#### DIRECTIONS FOR THIS TASK
Set down all the lines below, each one exactly as shown.

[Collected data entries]
▼
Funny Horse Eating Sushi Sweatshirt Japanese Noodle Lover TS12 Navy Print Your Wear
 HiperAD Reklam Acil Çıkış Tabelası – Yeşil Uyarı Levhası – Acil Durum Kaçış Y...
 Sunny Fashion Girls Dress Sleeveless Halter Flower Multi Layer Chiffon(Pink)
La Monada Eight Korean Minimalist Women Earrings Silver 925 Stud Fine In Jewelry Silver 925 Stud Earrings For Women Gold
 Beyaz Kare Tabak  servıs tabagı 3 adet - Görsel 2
▲
#### RESULT OF THIS EXERCISE
Funny Horse Eating Sushi Sweatshirt Japanese Noodle Lover TS12 Navy Print Your Wear
 HiperAD Reklam Acil Çıkış Tabelası – Yeşil Uyarı Levhası – Acil Durum Kaçış Y...
 Sunny Fashion Girls Dress Sleeveless Halter Flower Multi Layer Chiffon(Pink)
La Monada Eight Korean Minimalist Women Earrings Silver 925 Stud Fine In Jewelry Silver 925 Stud Earrings For Women Gold
 Beyaz Kare Tabak  servıs tabagı 3 adet - Görsel 2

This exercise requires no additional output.